Heh...I go by that liquor store a couple times a week on my way to grad school classes. I never actually noticed the name.
It’s astonishing to hear an actual Virginia or Southern Maryland accent around here anymore.
I was born in DC, my grandfather was a DC Trolleyman, and my Mom had an authentic Southern Maryland accent (and one of my uncles had the same accent so thick he was incomprehensible - like Boomhauer on King of the Hill.)
Many people in the DC area are from NY, New England and Pennsylvania. When the jobs left these areas and there was no opportunity many people left for the DC area where there were plenty of high paying jobs. There are many people from West Virginia too.
Politicians allow illegal immigrants to to ignore the law and get very generous social services for themselves and their families. The DC area attracts many of them.
LLS
So we Yankees are classed alongside the illegals??? We aren't foreigners, for goodness sake!
Yes, JFK said that about D.C.
As a Hoosier transplant to the Northern Virginia suburbs, I maintain that the Old Dominion doesn't really start until you get south of the Rappahannock River.
In 1979, I went to DC to spend the summer. The day after I arrived, I realized I was in the South when I saw grits and scrapple on my breakfast plate.
In 2007, I returned to DC after many years. The restaurant where I had eaten grits and scrapple was gone, but not far away was a Chipotle Grill, part of a chain that specializes in Mexican cookery—a cuisine not to be found in DC in 1979.
When I attended President Reagan's inauguration in 1981, I stayed in a motel in Fredericksburg that was on a street named after Jefferson Davis. Driving around town, I saw a Bonnie Blue Flag flying in front of one house, so I figured I was in the real Virginia.
I ran into such an accent in Portsmouth, Va. about 15 years ago asking for directions at a gas station.
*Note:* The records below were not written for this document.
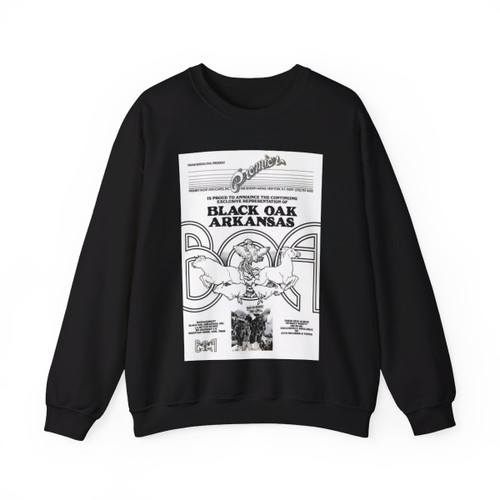 Black Oak Arkansas 1974 (Music Poster) Crewneck Sweatshirt
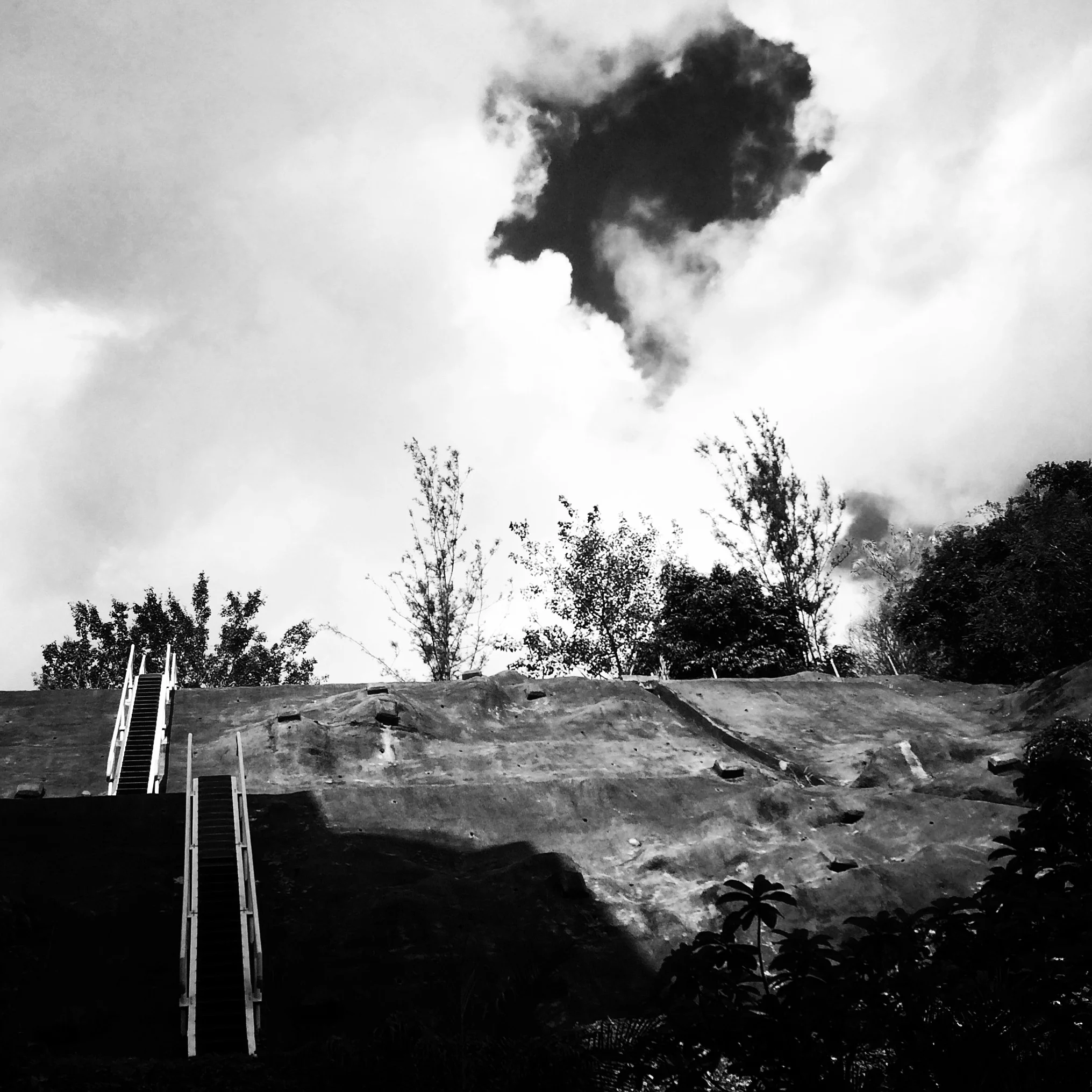 Stairs up the hill, Sham Shui Po, 2014.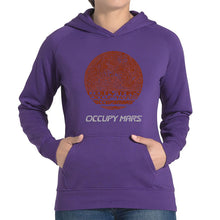 Load image into Gallery viewer, Occupy Mars - Women&#39;s Word Art Hooded Sweatshirt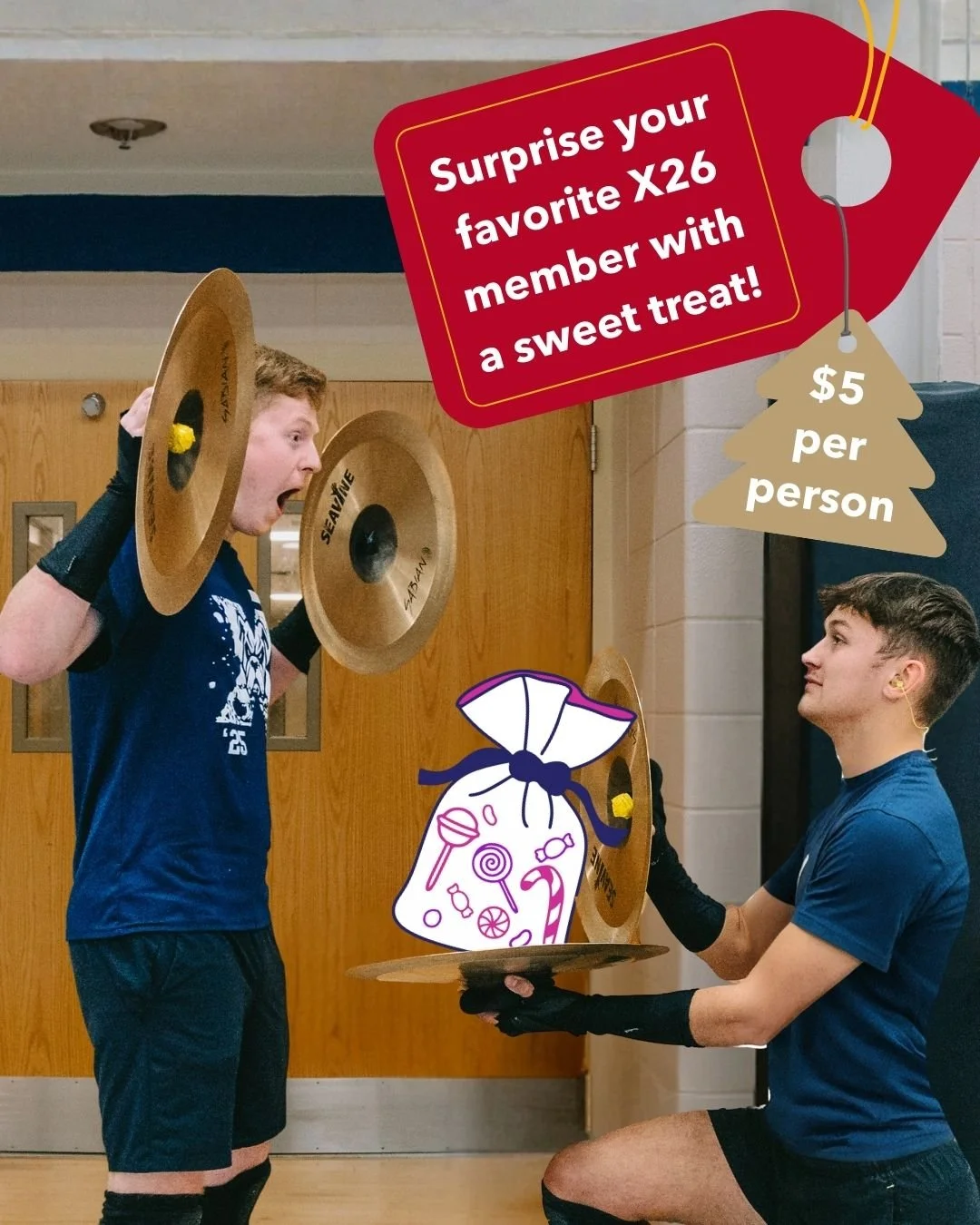 Help us spread some holiday cheer during our X-Mas Camp by treating your favorite cast or staff member to a Candy Gram! 🍬

Just Venmo rhythmx_inc, send in $5 per person you with the name who you want to send a Candy Gram to with a message to make th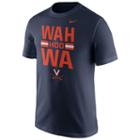 Men's Nike Virginia Cavaliers Local Verbiage Tee, Size: Small, Blue (navy)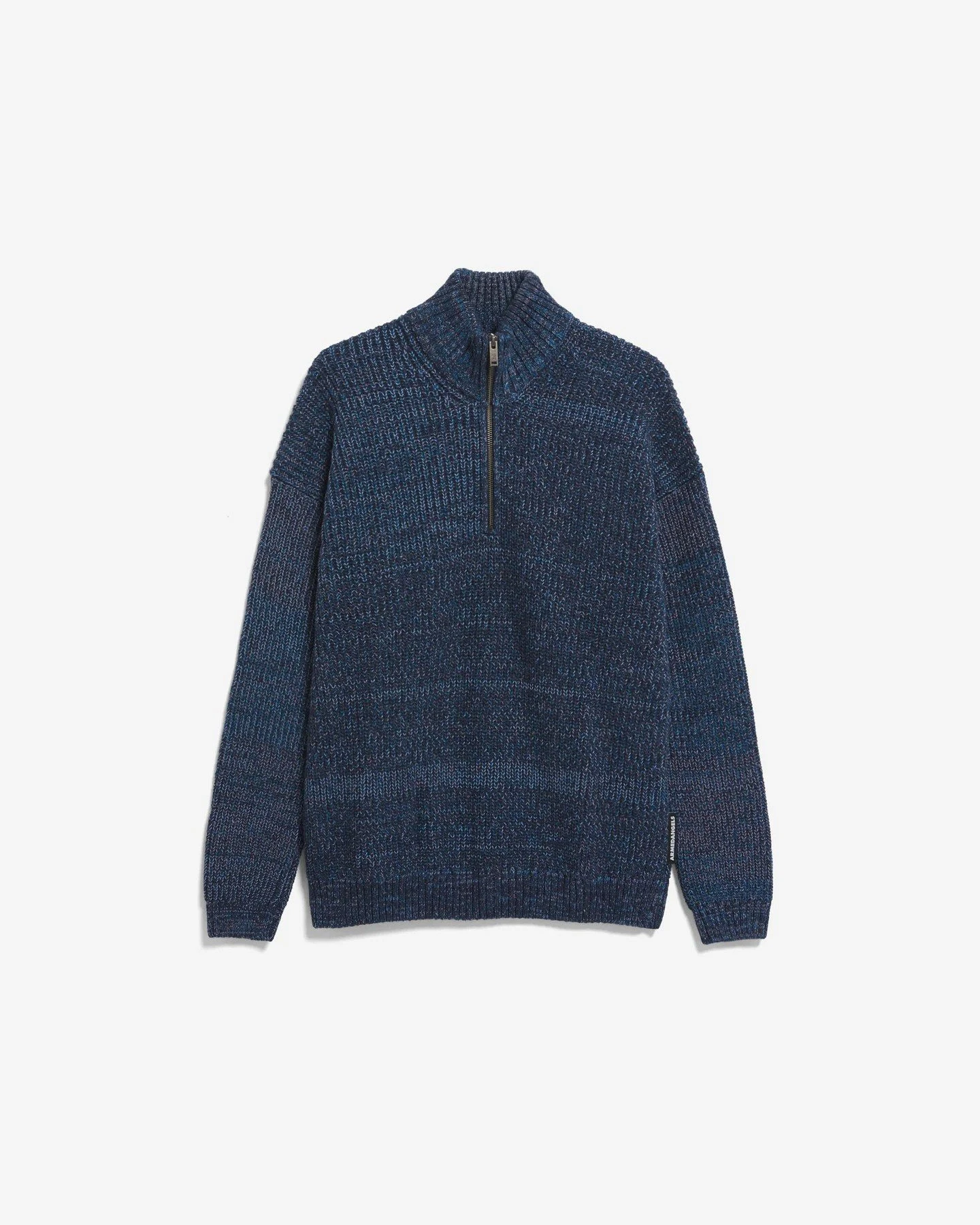 Strickpullover Michaael Mouline Wollmix Blau – Ansicht 6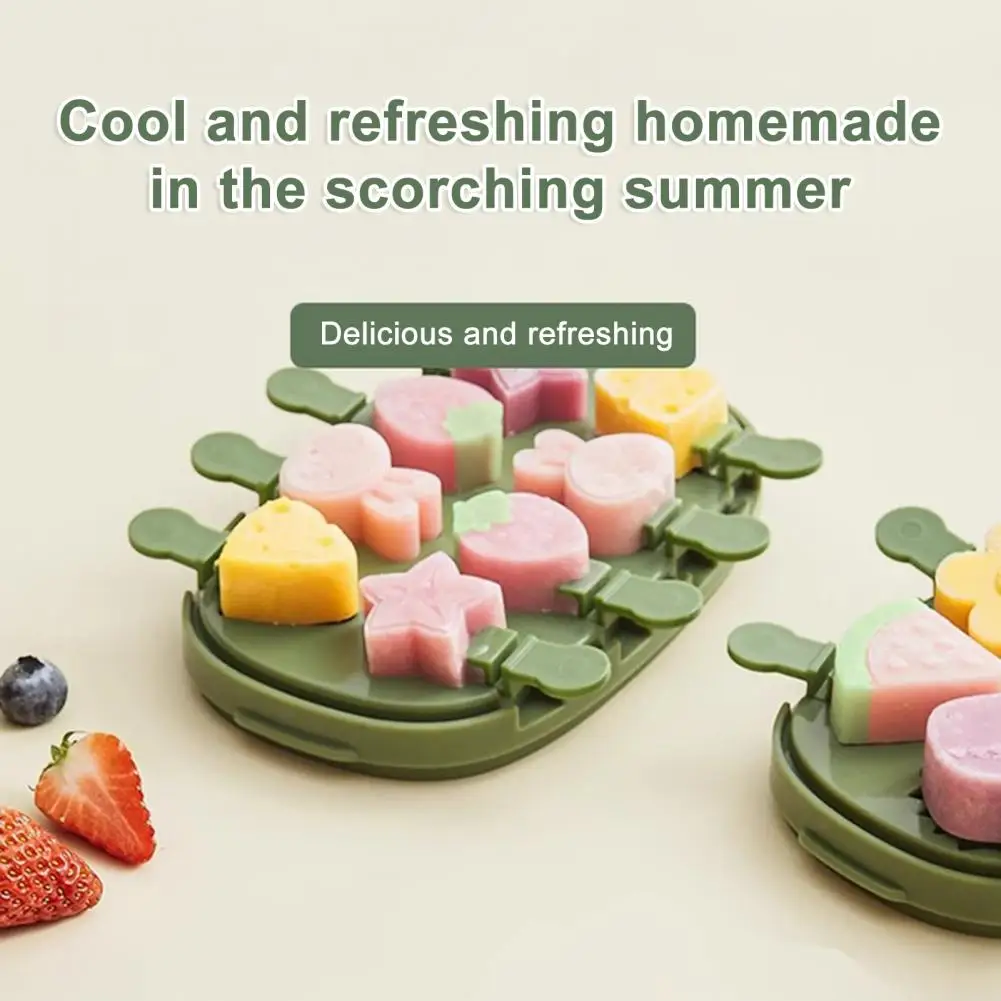 Фото Diy Popsicle Maker Силиконовые формы для мороженого без BPA для детей Лето DIY Изготовление мороженого Легкосъемный мини Ice Pop для дома №3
Almost an accent you hear on those PBS programs set on an English country estate.
That looks yummy!
The Tidewater Virginia/Eastern North Carolina accent is easily the most pleasant and beautiful in the country.
As someone whose roots in Virginia go back to the seventeenth century, I’d almost agree with you. Once you get out in the backwoods of Maryland, you’re in the South again. In Virginia, the South starts south and east of Fredericksburg and to the west of Ashby’s Gap. If you can find Duke’s mayonnaise in the grocery stores, Confederate flags outside of the houses, and “I (heart) Blueticks” bumper stickers on the F-250s, you’re in the South.